* [Work required]
Here, set down only the lines between the line that contains "Aylıq Kirayə 3" and the final line of the material, both included, exactly as written. Skip the pictures.

Supplied entries Block Start

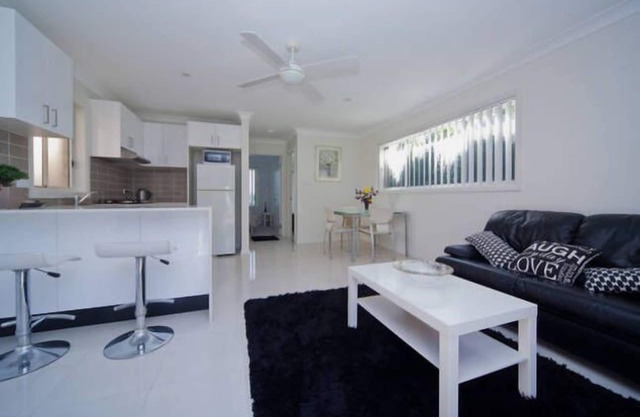 Elegante y nueva casa de huéspedes "Lakeview" Warriewood - Mona Vale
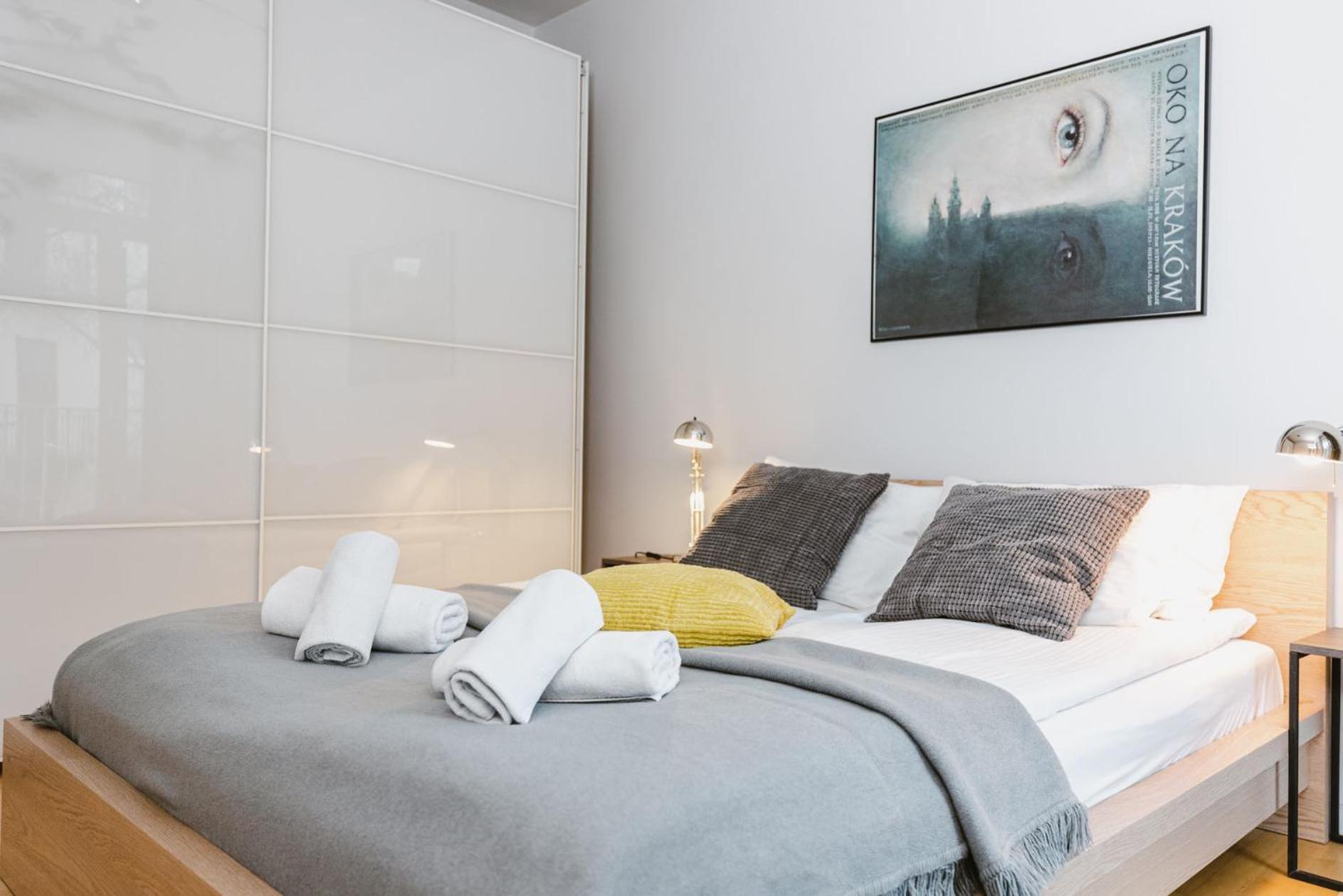Yourplace Central Apartments Krakow Bagian luar foto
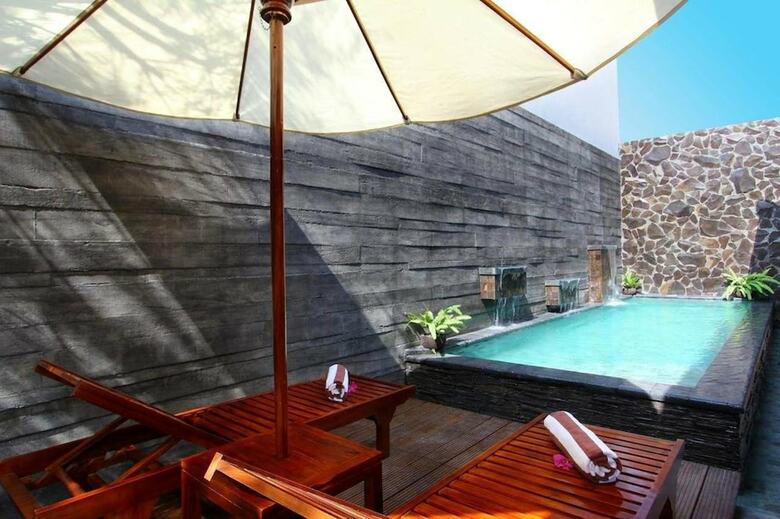 Bracha Villas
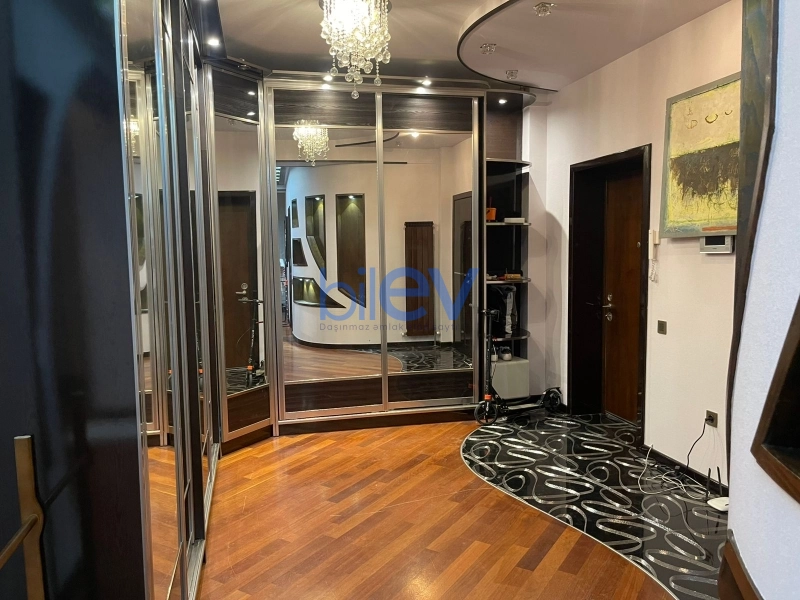Aylıq Kirayə 3 otaqlı Yeni Tikili bina evi  160m², Bakı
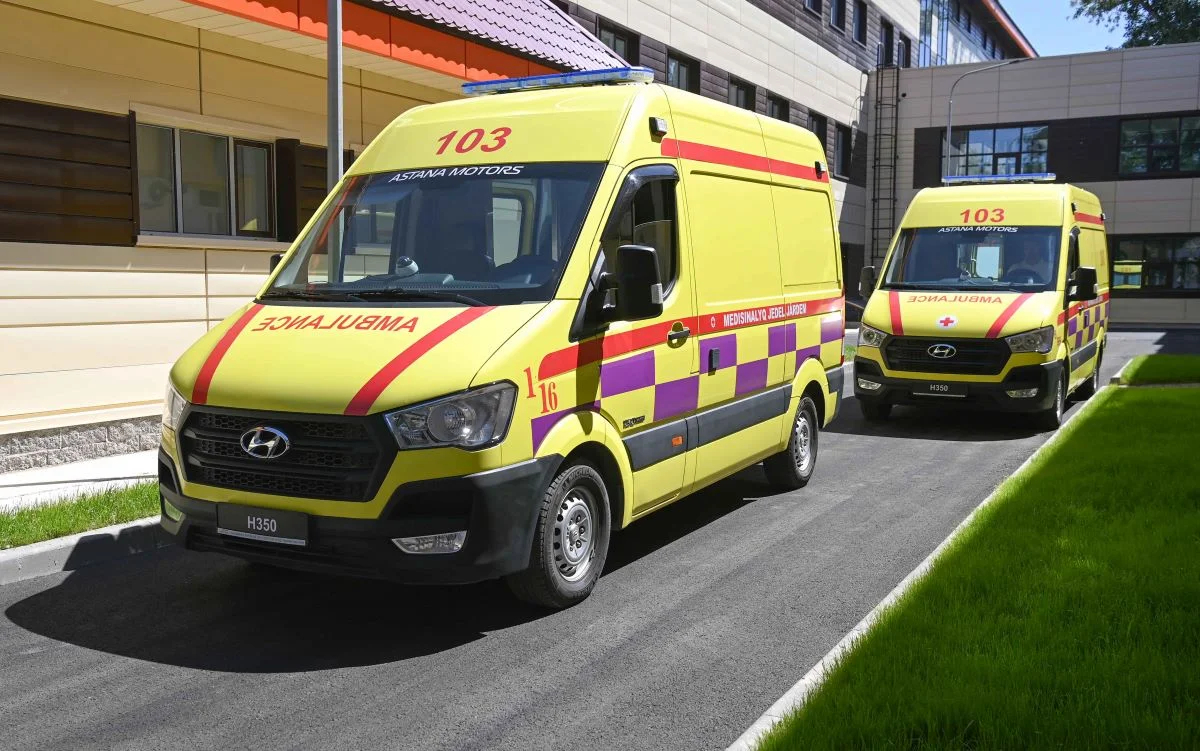 Серьезное ДТП с автобусом в Астане: пострадали не менее 10 человек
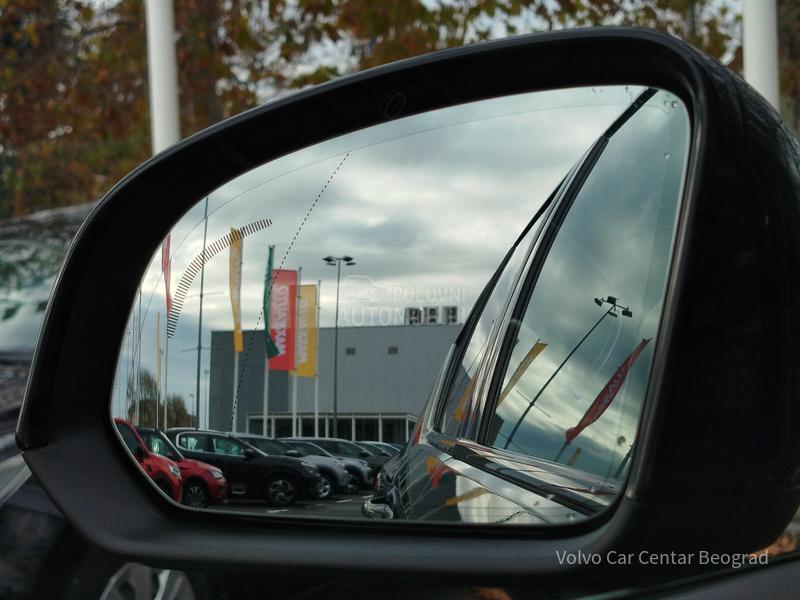 Volvo XC40 B4 AWD ULTIMATE DARK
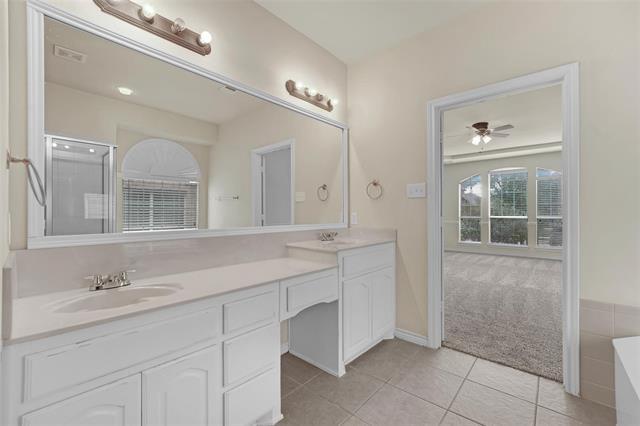 Building Photo - 10438 Coach House Ln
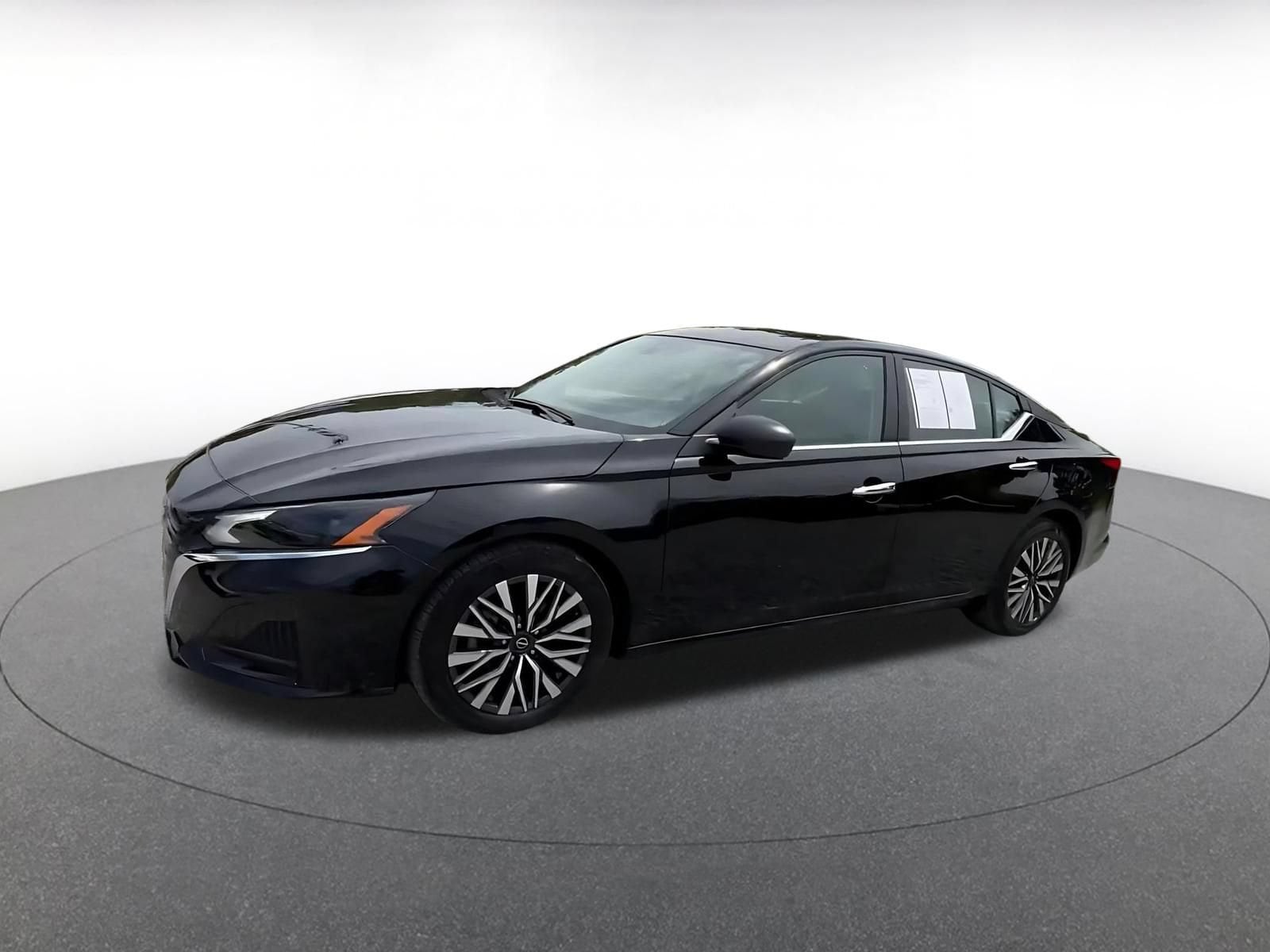 Thumbnail: 2025 Nissan Altima - 7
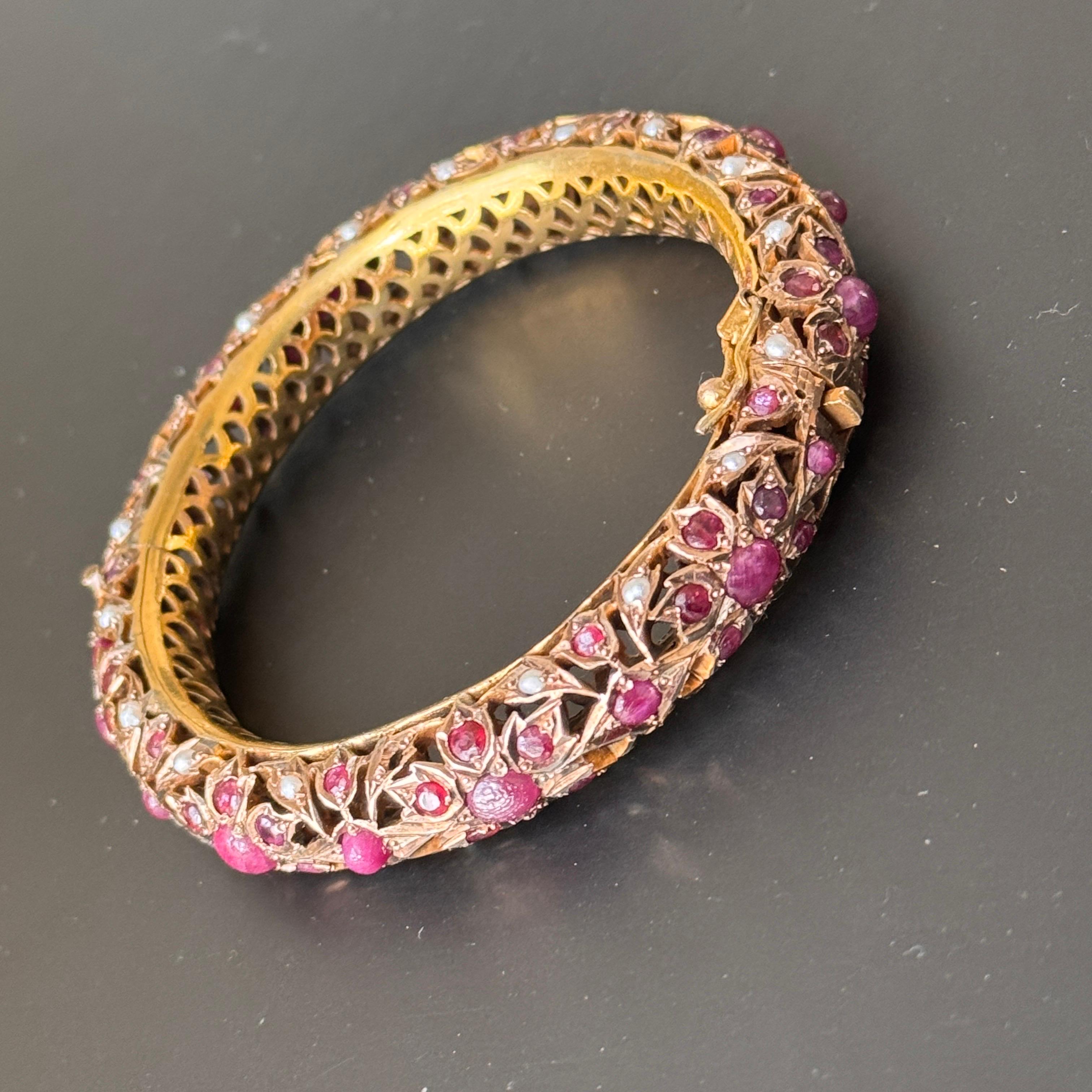 Vintage Mughal-Armreif mit Scharnier aus 6 Karat Gelbgold mit Rubinen und Perlen im Angebot 2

Supplied entries Block End

* [Finished task]
Aylıq Kirayə 3 otaqlı Yeni Tikili bina evi  160m², Bakı
 Серьезное ДТП с автобусом в Астане: пострадали не менее 10 человек
 Volvo XC40 B4 AWD ULTIMATE DARK
 Building Photo - 10438 Coach House Ln
 Thumbnail: 2025 Nissan Altima - 7
 Vintage Mughal-Armreif mit Scharnier aus 6 Karat Gelbgold mit Rubinen und Perlen im Angebot 2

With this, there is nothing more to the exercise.